# Super C rebuild



## sammy the RED (Sep 15, 2003)

My Super C is down for a rebuild. New pistons and sleeves.


----------



## Ingersoll444 (Sep 17, 2003)

When I was a kid, my dad had a,I think C. I had a lot of good times with that tractor. He sold it right before he passed away about 5 years ago. Wish I still had it.

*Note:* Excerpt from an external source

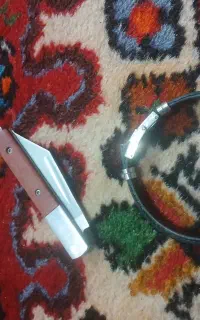 چاقو و ۱عدد دست بند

BTW whats the difference between a C, and a super C? Ours had no stickers on it.


----------



## parts man (Sep 24, 2003)

Ingersoll, 10cu in, a water pump and a taller rad. The C and SC were pretty nearly the same. The C had 3 inch pistons and the SC had 3.125 inch, the block though was the same as they were a sleeved engine. When they went super in '48 they added a water pump and a little more capacity in the rad, raising the top tank by I think 1.5 inches, meaning a taller grill and tin from there back.
New engine kits where I've seen them are only availlable in 3.125 pistons so when a C gets rebuilt they get the extra juice.


----------



## Ingersoll444 (Sep 17, 2003)

Thanks. I "think" his was '50, so that would have made it a super C then.


----------



## parts man (Sep 24, 2003)

Ingersoll, 1950 was the year that IH made the demonstrater models. Any chance your dad's tractor could have been white at one time? Did he buy it new?
If you know who he sold it to or someone in your family does you may be able to track it down.


----------



## Ingersoll444 (Sep 17, 2003)

No he got it used. I don't remember any white on it at all. all red. My Brouther in law knows the guy that bought it, and could track him down, but I REALY don't need it. OK it would be cool to have becouse it was my Dad's, but on my land, the trike front, would be scary. It did have a nice Mott flail mower, and a add on 3PH, so the guy got some good stuff when he got the old tractor.


----------



## parts man (Sep 24, 2003)

When it comes to restoring an old tractor ned rarely has anything to do with it!! I understand what your saying tho. As far as being tippy, you could trade the narrow front for a wide as they easily interchange.
For our collection we prefer the narrow front. When you say Farmall most people picture a tall tractor with a narrow front. Also our antiques are retired to parade duty now, they've worked hard enough that they've earned some play time.


----------